Source: Women are Human
UK — England. The start of the school term was due to see the introduction of a new relationships and sex education (RSE) curriculum in British schools – but it is already mired in controversy over the inclusion of a dice game about intimate sexual acts, designed to be used with children as young as 13.
The government-funded teaching resource includes a game where children roll a dice featuring body parts such as ‘penis’, ‘anus’, and ‘hand and fingers’, and are then encouraged to discuss the potential sexual acts carried out between them.
There has been an outcry over the game, produced by the Manchester-based LGBT+ charity the Proud Trust, particularly from women pointing out that the game centres a very male experience of sex and grooms children for male sexual gratification.
Note the there is no option on the dice to discuss the clitoris or breasts – female pleasure is not even a consideration. We are merely a collection of holes in which to insert ‘objects’”Cheryl on the Facebook Page Women’s Voices Matter
The dice game is one of four one-hour lessons in the Sexuality aGender teaching resource, which begins with an introduction to gender identity theory, including a word search puzzle to find the words, such as cis, intersex, genderfluid. In it’s second lesson, “The Sexual Body”, trainees are urged to “make no assumptions, especially about which types of people have which types of body parts”. A list of body parts provided inaccurately confuses ‘vagina’ and ‘vulva’.
And as campaign group Transgender Trend points out in its investigation into activities of the Proud Trust: “Worse is the drawing showing a partially stitched vulva, the stitching over the clitoris area, the result of female genital mutilation. This is not a ‘body part’ but the result of a crime, based on misogyny.”
The third lesson in the resource, “What Is Your Normal?”, includes among the activities listed: “Having anal sex”, “Receiving a gift from someone in exchange for sex” and “Watching pornography”.
The Proud Trust received £99,960 for Sexuality aGender from the government’s Tampon Tax Fund, which allocates money from VAT receipts on women’s sanitary products to projects that benefit disadvantaged women and girls.

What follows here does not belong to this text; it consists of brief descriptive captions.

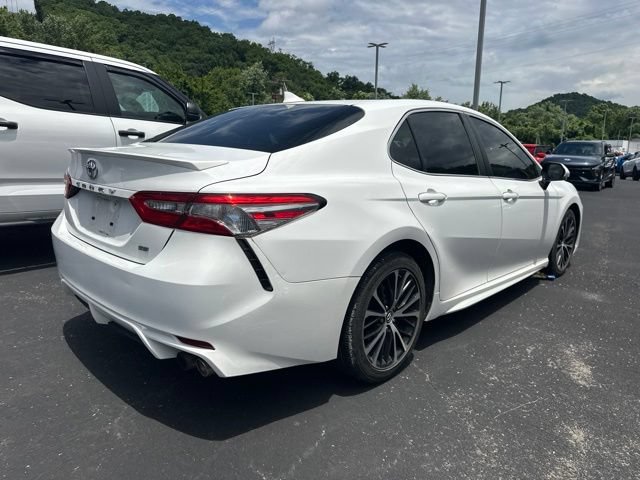 Used 2018 Toyota Camry SE w/ Audio Package FWD image 6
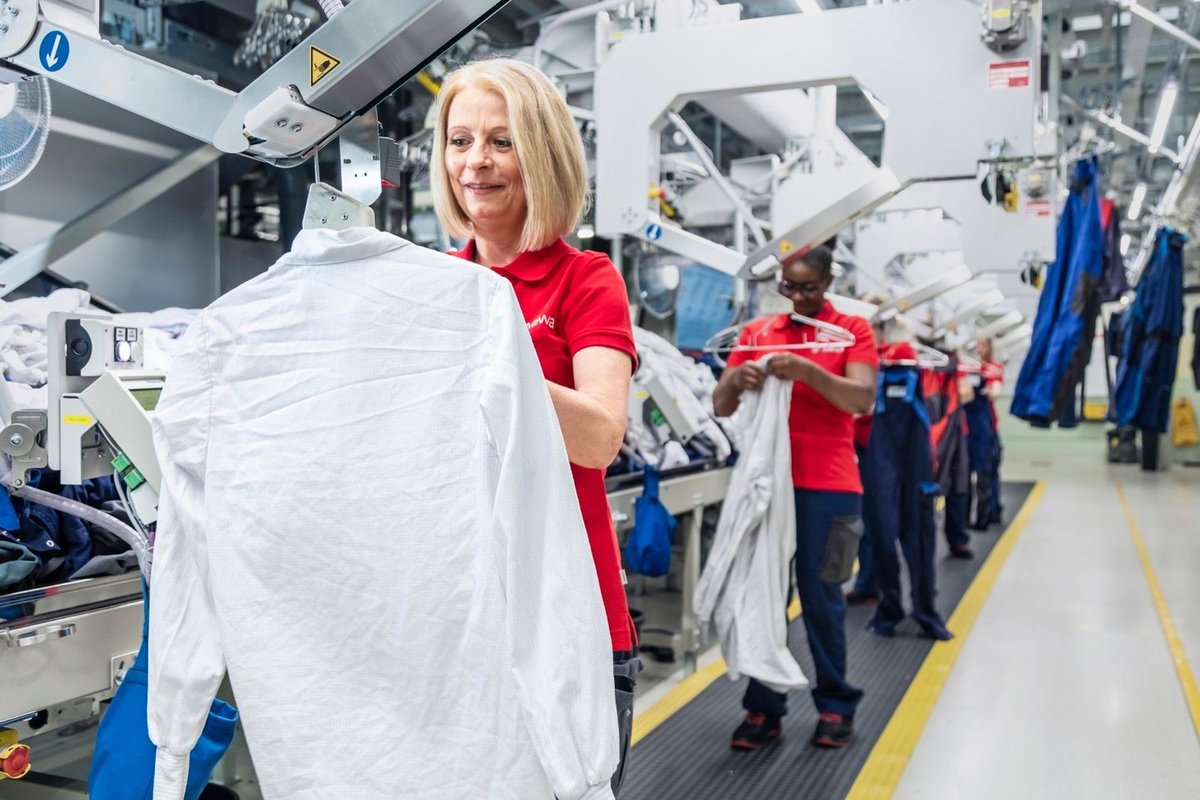 MEWA_BE's tweet photo. #Mewa, dat is #werkkleding met complete dienstverlening. Leveren en afhalen, onderhoud, reparaties en kwaliteits- en veiligheidscontroles: het is allemaal inbegrepen! #mewatm #textielservice https://t.co/UfGqEwPGHy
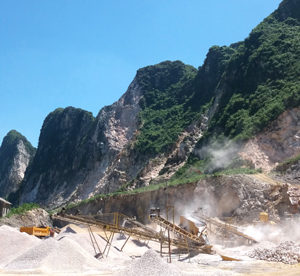 Khu vực mỏ khai thác đá tại thôn Quán Trắng, xã Thành Lập (Lương Sơn) tiềm ẩn nhiều rủi ro TNLĐ.
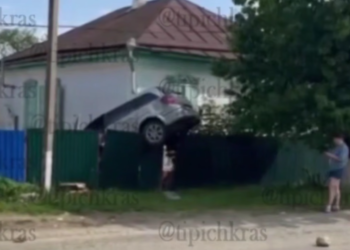 Автомобиль «прилетел» в гости: в поселке на Кубани машина зависла на заборе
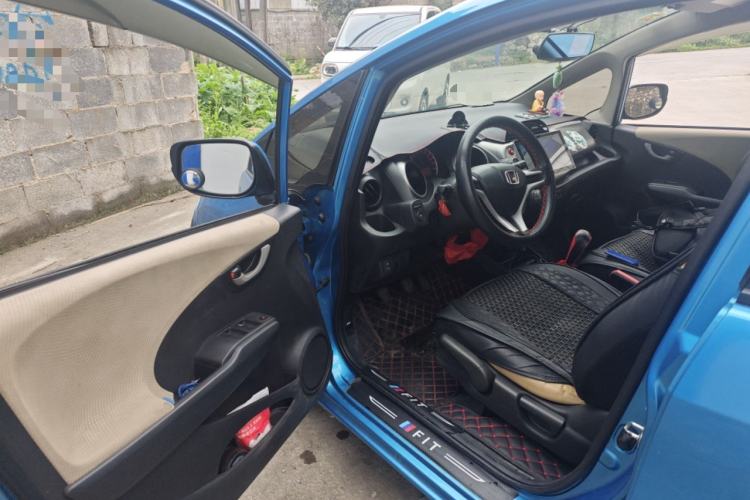 Used Honda Fit 2011 1.3L manual Comfort version Driver Seat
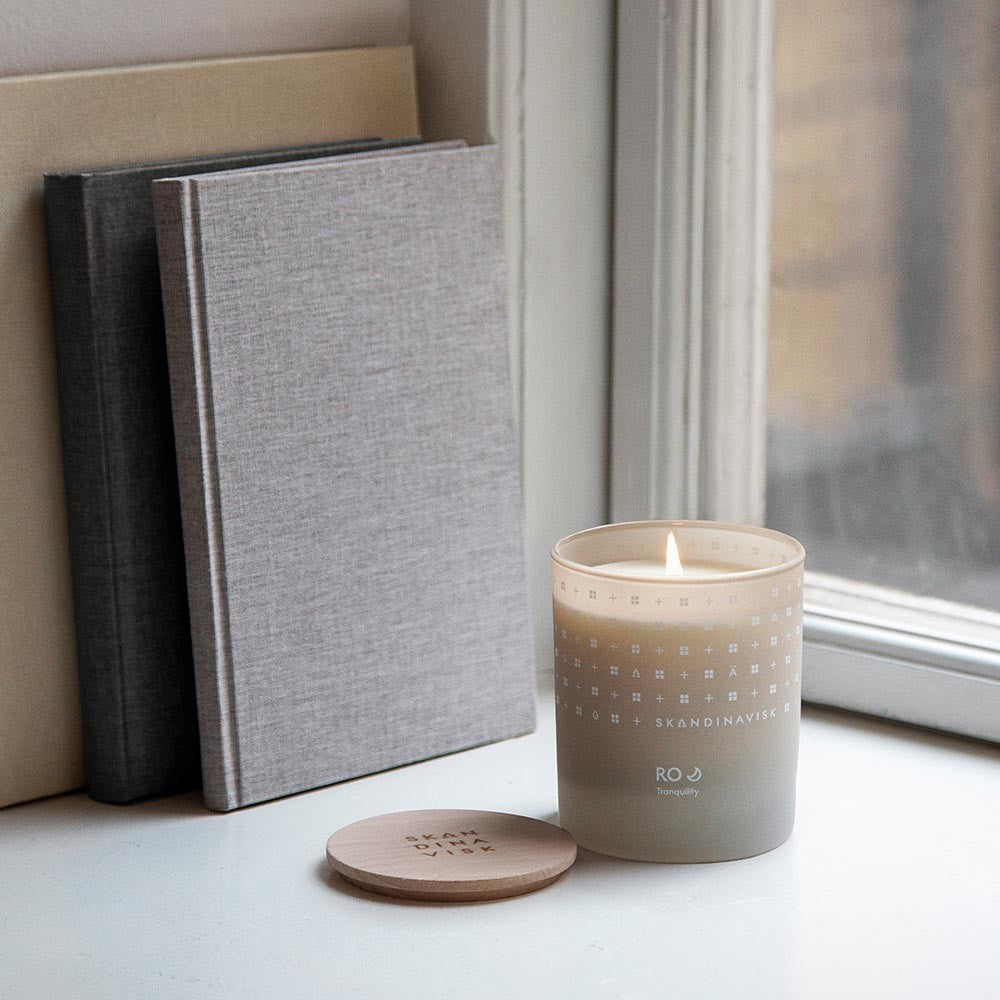 Skandinavisk Ro Scented Candle (Tranquility)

Tanya Carter, a spokeswoman for Safe Schools Alliance, told The Times: “This ‘resource’ clearly breaches safeguarding. The tampon tax should be used to educate girls on their rights — not prematurely sexualise them.”
The ideas promulgated by Sexuality aGender are particularly harmful to girls and women. The growing pressure on them to agree to anal sex, its normalisation via pornography and some magazines such as Teen Vogue, and the physical harms that can result are all well documented. Without the language to talk about sexual inequality, sexism and male violence, girls will be left unable to make informed decisions about consent, harms and boundaries.Transgender Trend
On the Proud Trust website, the toolkit is outlined as ‘a fun, interactive, engaging and inclusive sexual health toolkit’ that helps secondary schools to deliver LGBT+ inclusive RSE and that it helps meet the needs of all students.
The MP for Thurrock, Jackie Doyle-Price, said RSE in schools should empower girls to take greater control over their bodies. “It is with horror that I see materials being produced which do the exact opposite. Schools should be teaching about mutual respect and consent and safe sex.”
The toolkit is one of several similar worksheets made by charities for schools that they can use to help to meet their statutory requirements. Conservative peer Baroness Nicholson of Winterbourne has written to Education Secretary Gavin Williamson saying that it is unsafe to abdicate responsibility for RSE to outside groups.
She wrote: “Abdicating responsibility to teachers only for them to abdicate it to minority interest lobby groups is surely unsatisfactory, unhealthy and unsafe. It is right for the state to ensure that certain bases are covered. Unfortunately, as offered, the guidelines leave the door open for anyone to teach whatever they want at any age they consider appropriate.”